As a researcher who began language documentation research in the last five years, digital methods have been an expected feature of my workflow. This has had many benefits for my research outputs and for the kinds of materials I can return to the communities with whom I work. It has also created an unexpected dimension to my relationship with the people I work with. In this section I reflect on my own research experiences with speakers of Lamjung Yolmo and Kagate, two different Tibeto-Burman languages of Nepal. Although there are many similarities between the two languages, my experiences with speakers' access to technology, and understanding of digital data, have been very different and highlight some of the challenges that researchers in the digital humanities face.
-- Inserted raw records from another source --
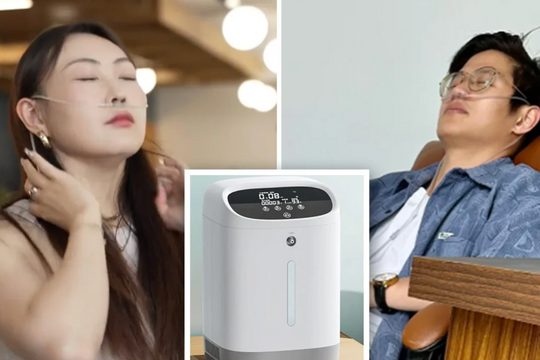 Người trẻ Trung Quốc dùng máy thở để giảm áp lực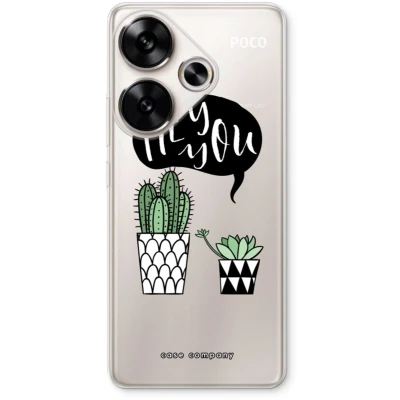 Afbeelding van Case Company® hoesje geschikt voor Xiaomi Poco F6 Hey you cactus Soft Cover Telefoonhoesje Bescherming aan alle Kanten en Schermrand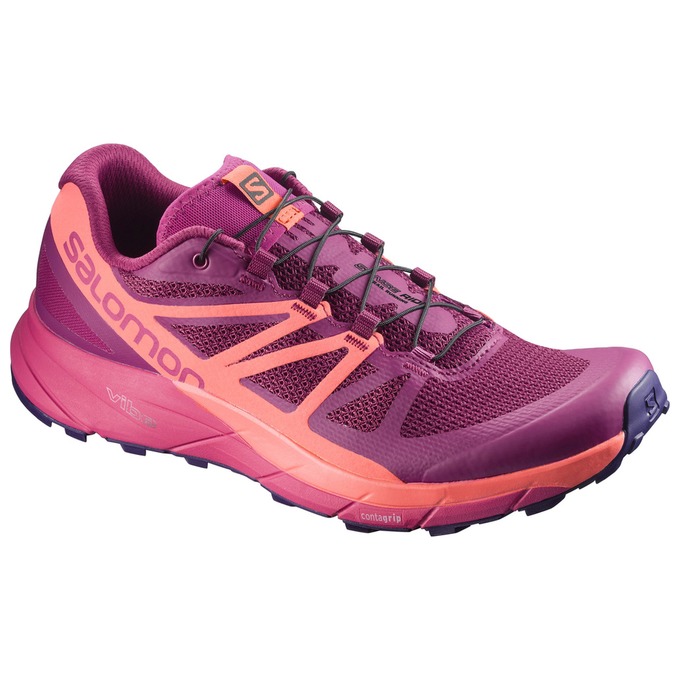 Salomon Singapore Womens Trail Running Shoes - SENSE RIDE W Purple/Orange | 06149-EDTA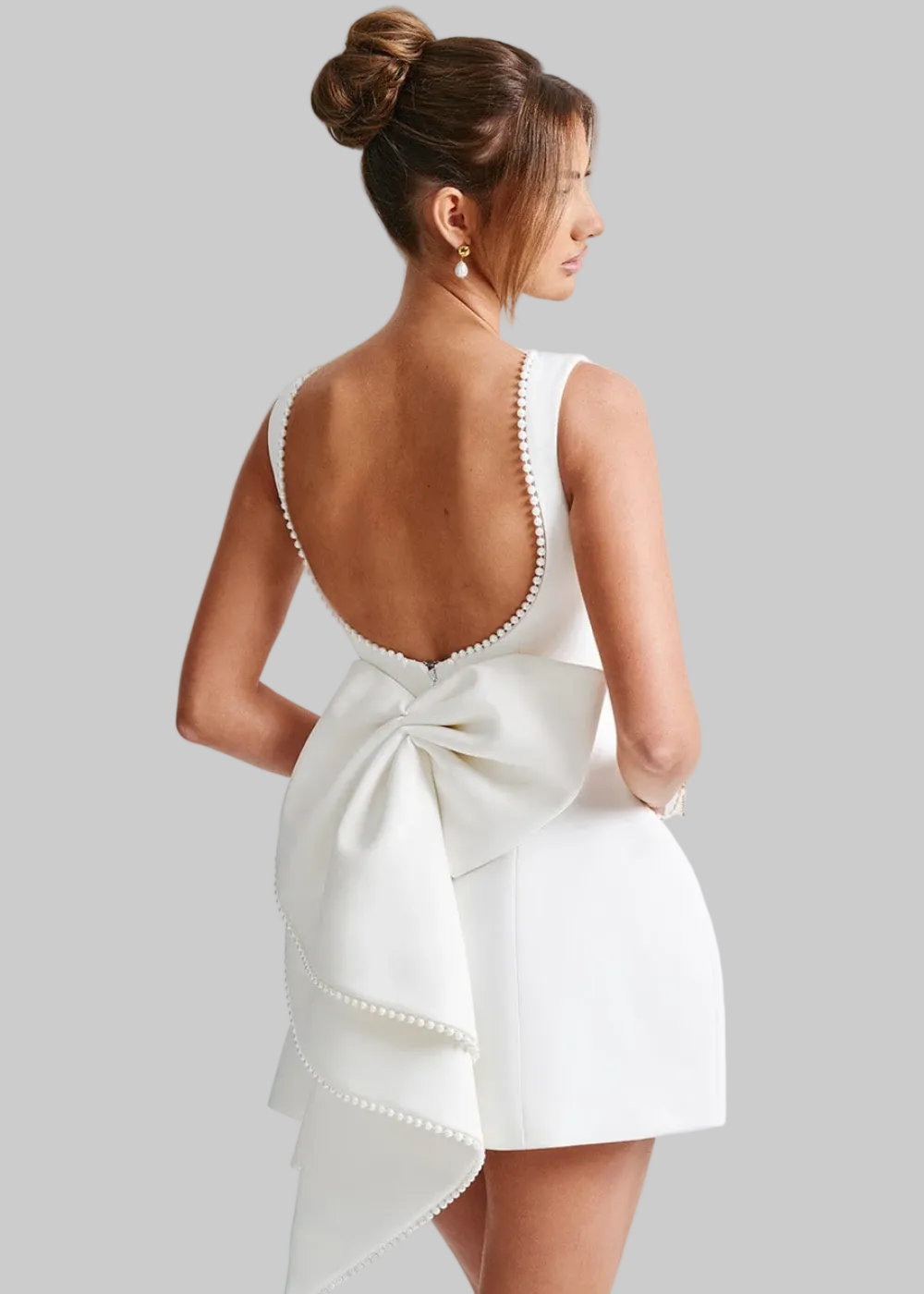 Women’s Mini Dress with Pearl Trim and Back Bow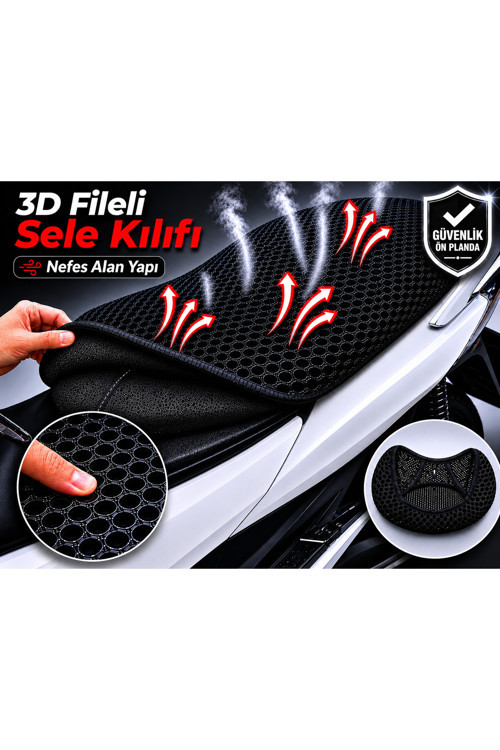 Asya AS 125 T 21 Motosiklet Sele Kılıfı 3D Fileli Sele Kılıfı Nefes Alan Sele Koruma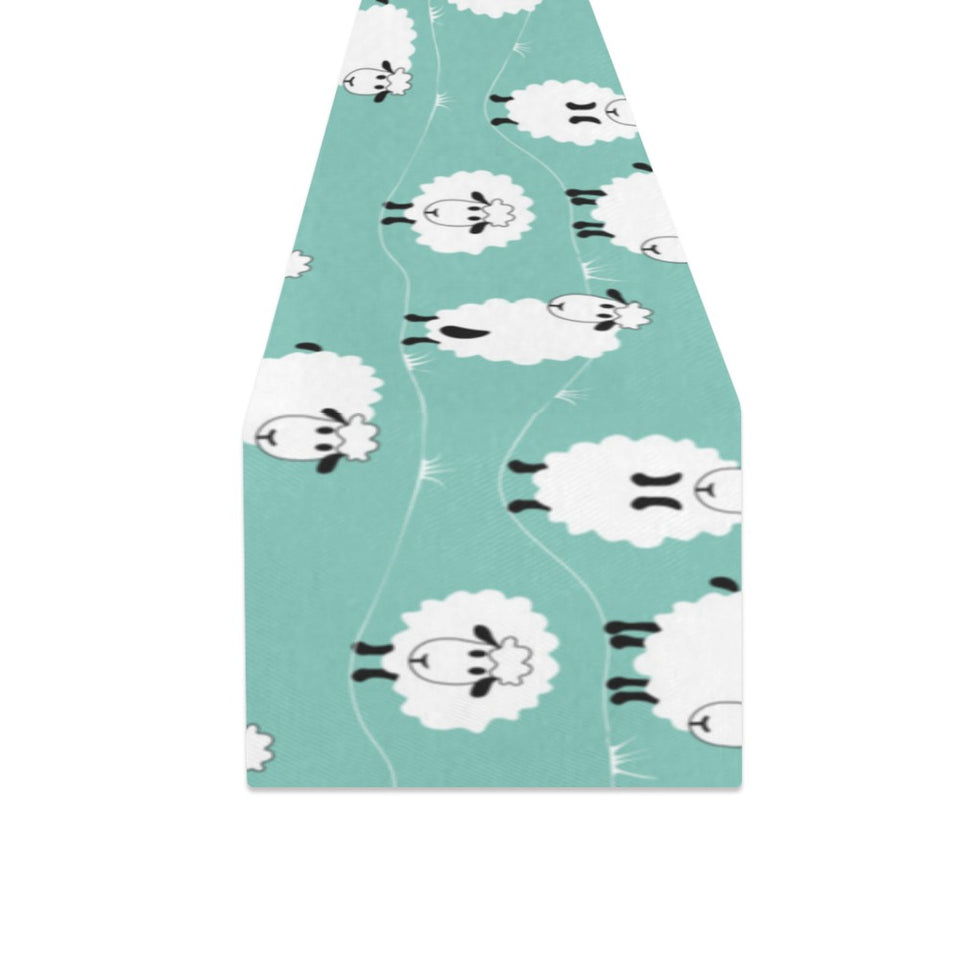 Cute sheep green background Table Runner
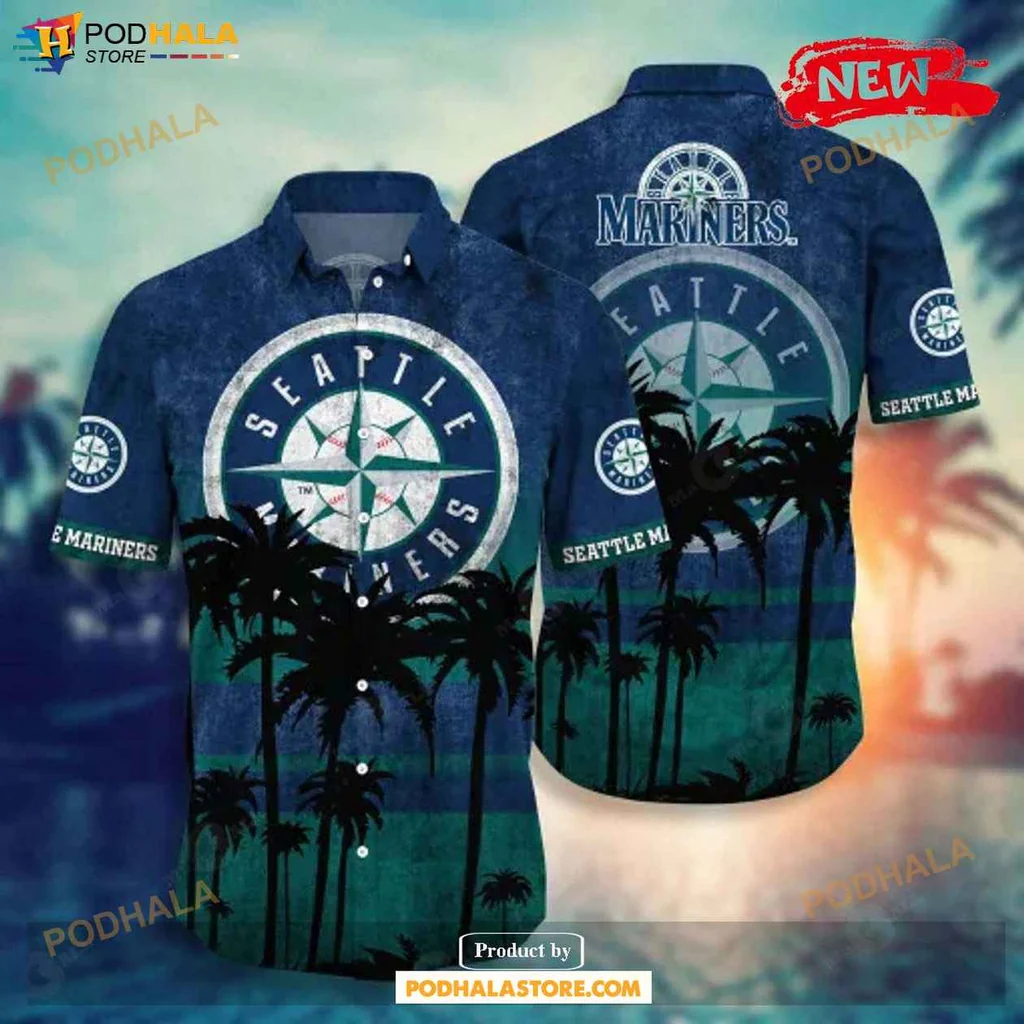 Tropical Mariners Aloha Shirt, Seattle Mariners Sunset Palm Tree Shirt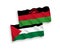 Flags of Malawi and Palestine on a white background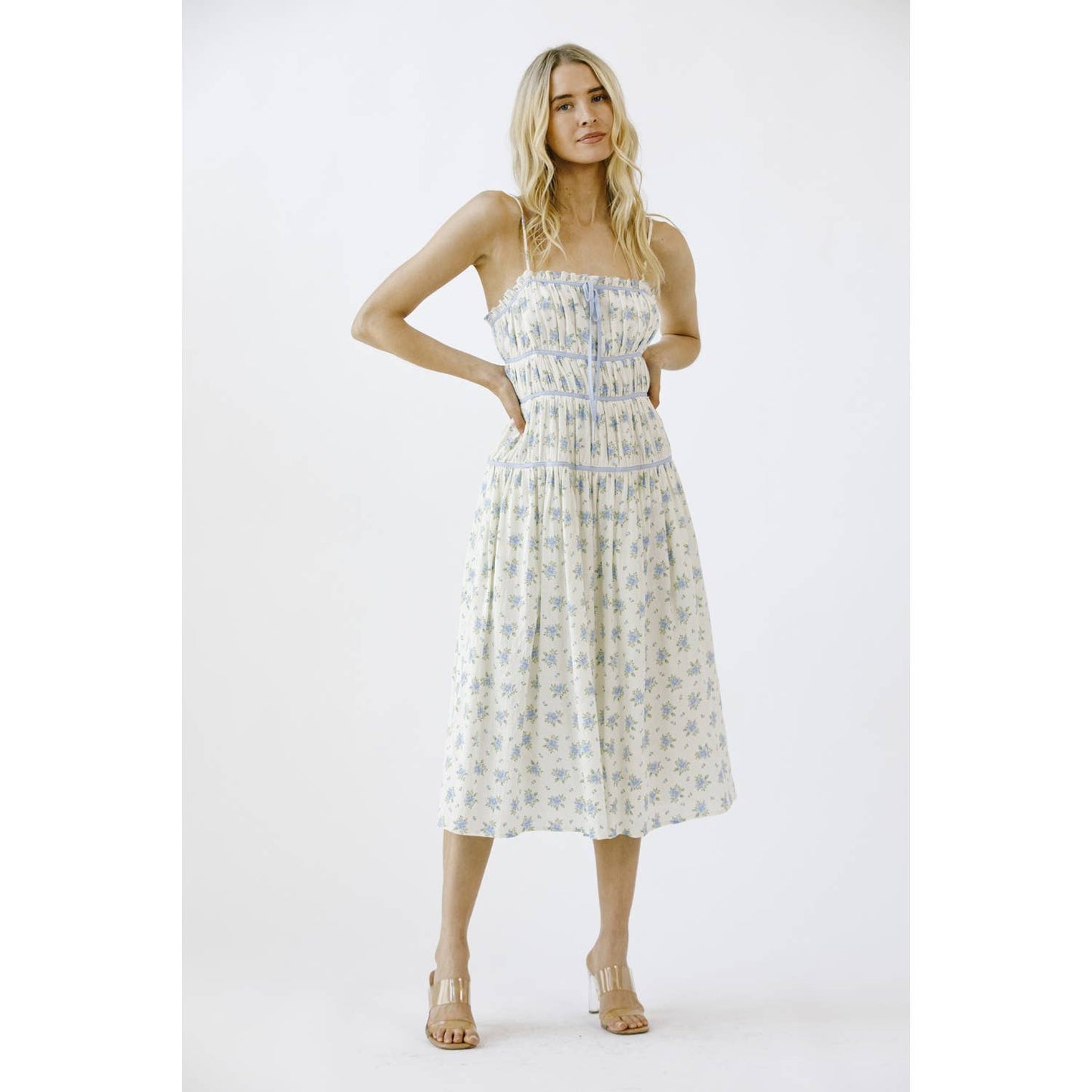 FLORAL PRINT AND CONTRAST LINING MIDI DRESS: IVORY/BLUE FLORAL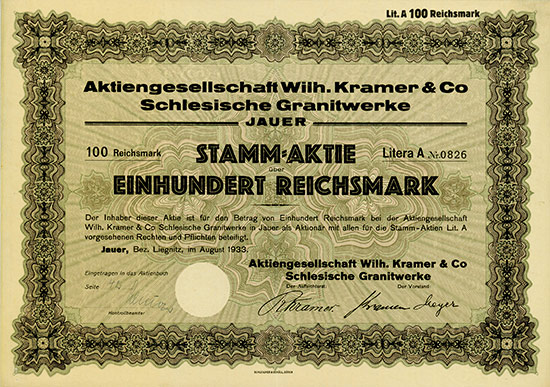 Aktiengesellschaft Wilh. Kramer & Co. Schlesische Granitwerke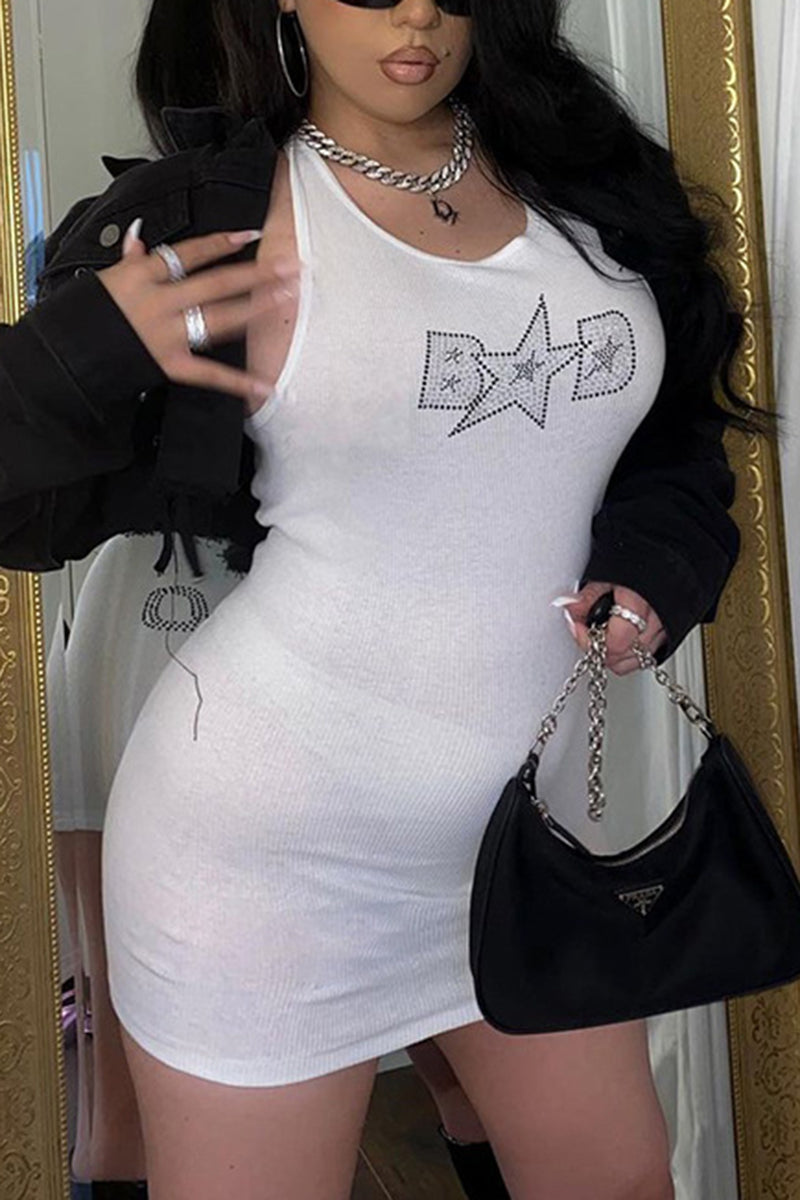 Rhinestone Graphic Ribbed Bodycon Tank Dress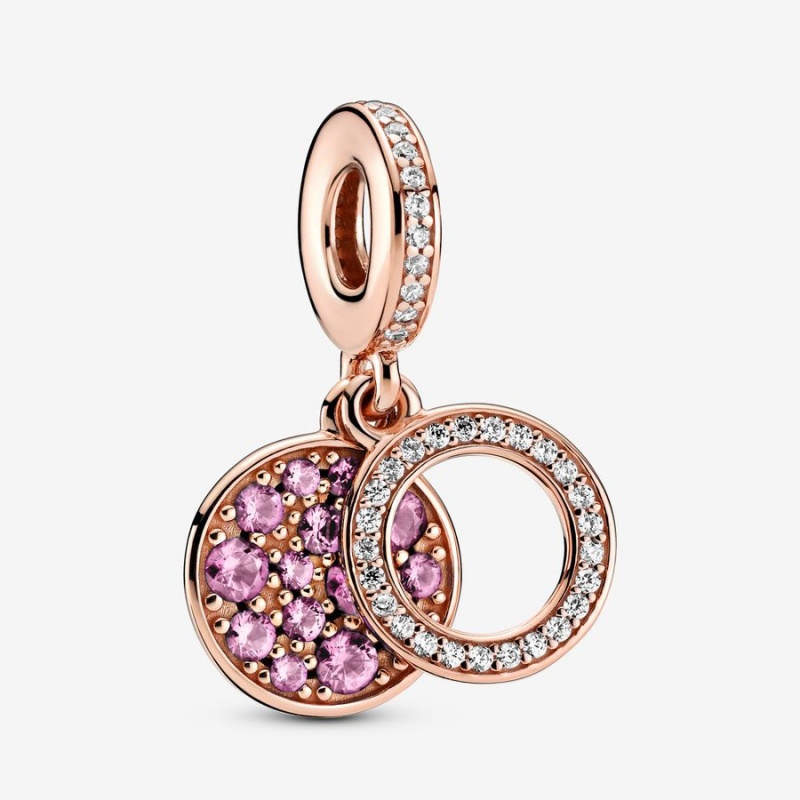 Pandora Sparkling Pink Disc Double Dangle Charm Rose Gold Plated | 146PALCVU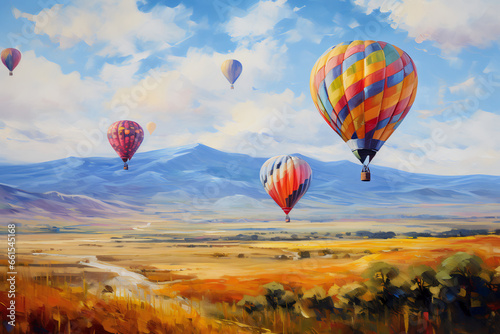 Landscape with beautiful balloons. Impressionism style oil painting. © Osadchyi_I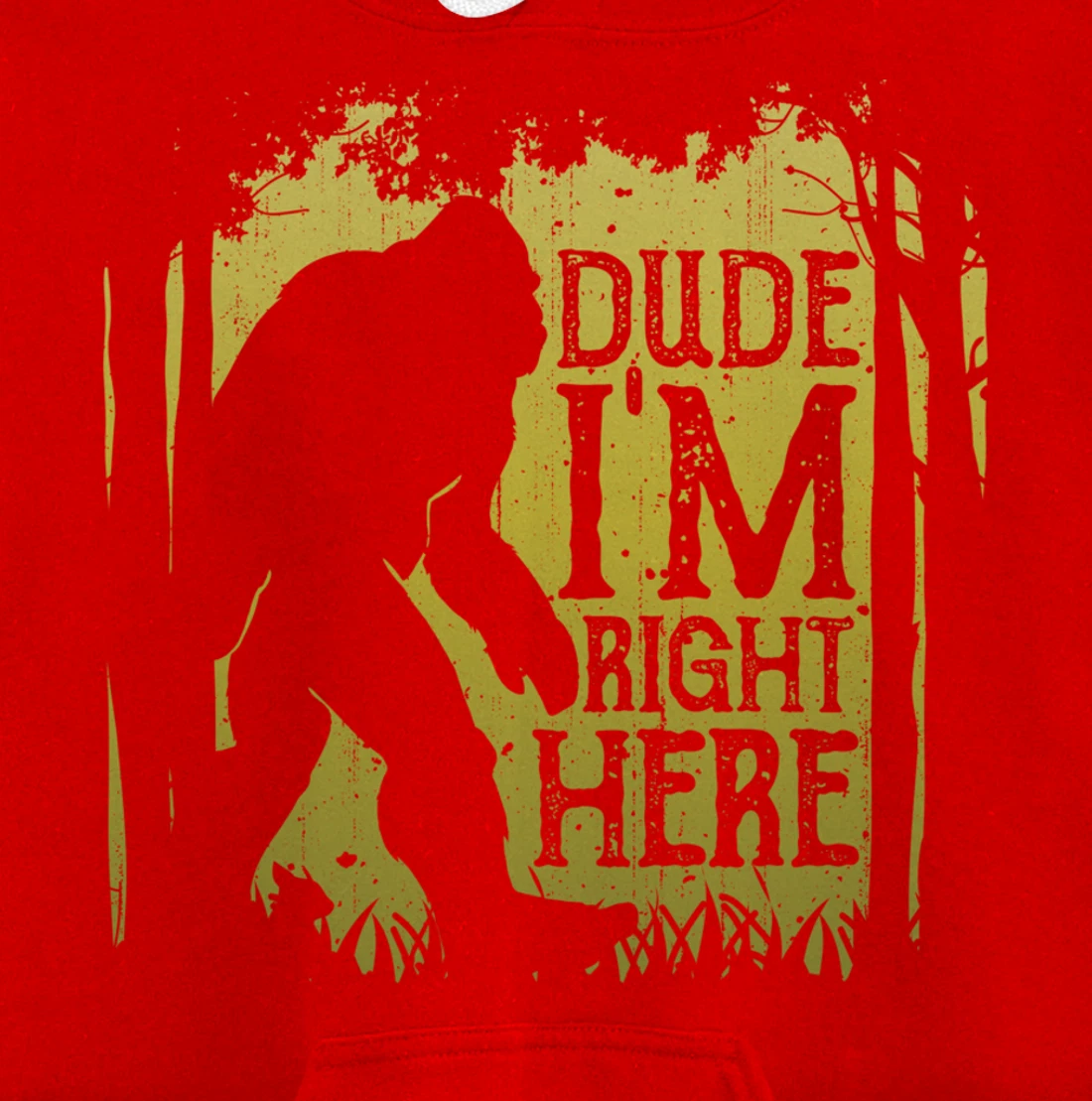 Bigfoot Dude I'm Right Here Funny Sasquatch Retro Vintage Pullover Hoodie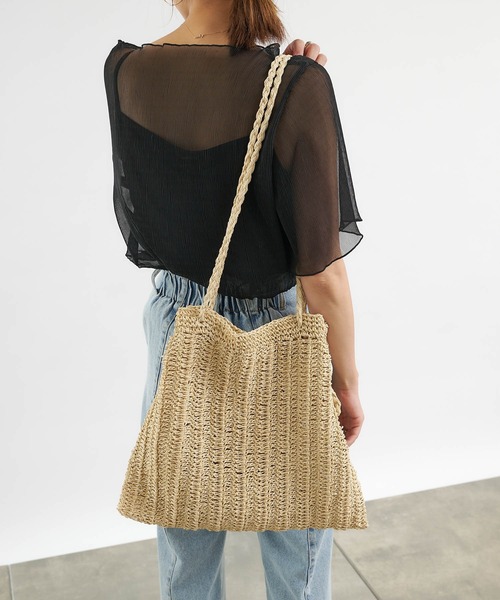 COLONY 2139（コロニートゥーワンスリーナイン）の「ペーパービッグ巾着バッグ/トートバッグ（ショルダーバッグ・レディース・ブラック/アイボリー/グレイッシュベージュ・FREE）」の17枚目の写真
The Lamjung Yolmo speakers with whom I worked had limited access to technology. This was, for some, in combination with having only limited general literacy. Other speakers were formally educated, but lacked digital literacy through poverty and unreliable electricity in their villages. For this project I had received ethics clearance from my university, and had plain language statements, and consent forms, which I also presented to people verbally. What I soon discovered is that these are useful tools for initial discussion, but a formal ethics apparatus is just the beginning of a more complex set of interactions, discussions and education on both sides. Two particular interactions around technology are particularly memorable, and highlight the nature of the divide between the digitally literate and illiterate. The first involves a 32-year-old illiterate woman and the second her 17-year-old high school-educated nephew.
Like many of her generation, 32-year-old Sanu (names have been changed) only attended school sporadically for a couple of years around the age of 6-8 before she was kept at home to work. She has minimal functional literacy, and only recently purchased her first mobile phone. I spent a lot of time with Sanu and her family while living in their village, and we spent some time listening to recordings so she could assist me in transcription. After several of these sessions she turned to me and observed that we could hear the laughter of the participants in the recording. I explained that the recorder picked up all sounds, just like a telephone. She then asked if laughter like this was kept in all recordings. I realised that until that point in the work process Sanu had not fully realised the implications of recording in the language documentation process, and I had no reason to consider that she didn't. We talked about this a great deal more, and came to a better understanding of our own ideas about the recording and documentation process.
In comparison to his aunt's experiences, 17-year-old Rajesh's opportunities demonstrate a new focus for Yolmo speakers in Lamjung on education as a route to economic mobility. Rajesh completed his high school certificate and was then given the opportunity to study at a college in the Chitwan area. I spent time with Rajesh during his final years of local schooling. He was bright, and a highly engaged student, but he had never used a computer until I sat with him and taught him how to use my laptop. Explaning basic user-interface concepts, such as the difference between an application icon and a directory folder icon, drove home for me the difference in our digital literacy. Although I had explained to him the recording and transcription process, this experience reminded me there were so much underlying that he needed to learn first.[2]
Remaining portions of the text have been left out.